Semester

Summer

Date of Graduation

2024

Document Type

Problem/Project Report

Degree Type

DNP

College

School of Nursing

Committee Chair

Billie Vance

Committee Co-Chair

Marian Longstreth

Committee Member

Freda White

Abstract

Problem: At a large academic medical center located in the northeastern United States, nasogastric tubes (NGT) were traditionally secured with tape. The institutional policy was nonspecific with no written procedure. The inconsistent use of nasal bridle securement devices (NBSD) and predominant use of tape has the potential to lead to a high rate of NGT dislodgement.

Background: NGT complication and dislodgement rates range from 2%-36% (Gimenes et al., 2019). Stabler et al. (2018) report 29%-63% NGT dislodgement rates in critically ill patients. Patients with intracranial hemorrhage dislodge NGTs in 25% of patients (Rahman et al., 2022)

Available Knowledge: Based on literature, NBSD use reduces NGT dislodgement rates. NGT dislodgement results in medication and nutrition delays, higher healthcare costs, and increased length of hospital stay.

Project Aims: The overarching purpose of this project was to increase the use of NBSD.

Purpose: Evaluate the use of NGT securement use of tape versus NBSD and associated dislodgement rate. Revise and update the organizational NGT securement policy and develop a NBSD insertion procedure. Update electronic health record (EHR) to include a linked NBSD order with NGT insertion order.
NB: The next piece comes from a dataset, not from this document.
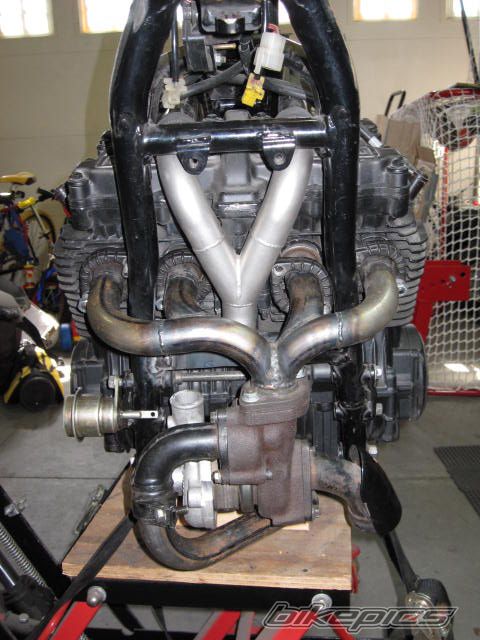 1984 YAMAHA FJ 600 | Picture 1609512 motorcycle photo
Train 50% of nurses on each participating unit on NBSD insertion.

Plan for Implementation: Lewin’s change theory guided the project.

Plan for Evaluation: An evaluation plan to clarify the project objectives and goals. Process, outcome, and balancing measures were implemented, collected and observed.

Results: The policy was updated and NBSD procedure was created with associated EHR orders. There was a small increase in the utilization of NBSD, while usage of tape remained

consistent.Although nurses received education, many still experienced discomfort while inserting NBSDs.

Conclusion: There was a reduction in number of NGT dislodgement utilizing NBSD on comparison to the consistent use of tape with NGT. Consequently, the utilization of NBSD has the potential to reduce healthcare expenses, shorten the duration of hospital stays, and minimize complications associated with NGT dislodgement.